Some of these gases or mixtures aren’t necessarily harmful in and of themselves, but to us, their harm is that just by occupying space with their presence, they ruin what could be a perfectly suitable atmosphere. So to make the atmosphere tenable again, one effective tactic would be to replace these noxious materials with the materials we find suitable.
Similarly, poor leaders displace good leaders. By just being present and nothing else, they contaminate the atmosphere. As a result, good leaders are simply forced elsewhere. Hopefully those good leaders can find places to create a better condition, but the loss of those individuals is intolerable to those left behind and the organization suffers.

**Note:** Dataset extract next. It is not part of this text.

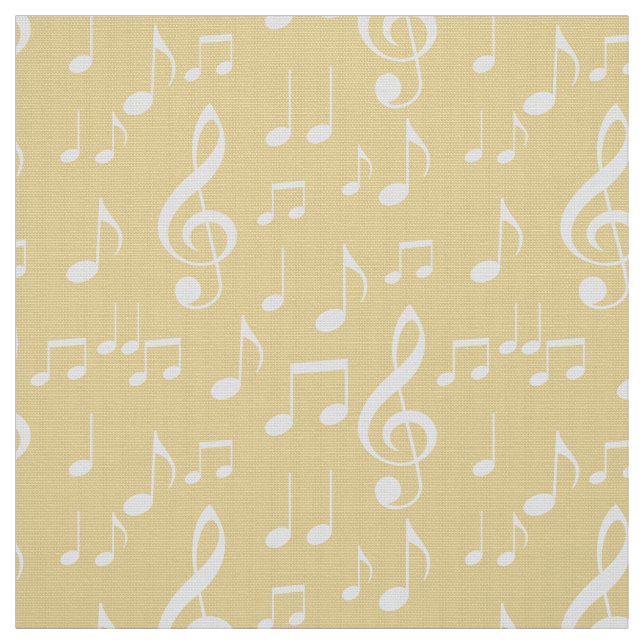 blanc jaune notes tissu motif (Échantillon)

In reading and watching the news in recent days I am reminded just how damaging these “asphyxiants” can be to organizations and really, to society. I see my job as being one to facilitate good leadership. I try to encourage you to be better people, to use good judgment, to learn and understand, and to be “missionaries”, carrying the message of good leadership to others. I don’t consider myself to be a good leader – I see myself as a continual work in process and have plenty of faults – but I recognize good leadership and I have observed what it takes to promote good leadership in others.
As much as I’d like to suggest to poor leaders that they should move out of the way to permit good leaders to fill that space, I think it is more realistic to say that perhaps we should convince those individuals to be more open-minded to learning, to engaging their people, and to promoting good practices. So you can see, instead of removing the problem, there is another tactic we can use in mitigating an asphyxiant atmosphere: by mixing the material in with a good atmosphere and making it much smaller in proportion to the whole, we can “safe” the atmosphere. While we may not always have the answers, if we can permit ourselves to be exposed to good practices and to see how things should work, we can make things better, incrementally, but just the same, much improved.
Be an agent of positive change. Promote best practices. And let’s all go home in the morning.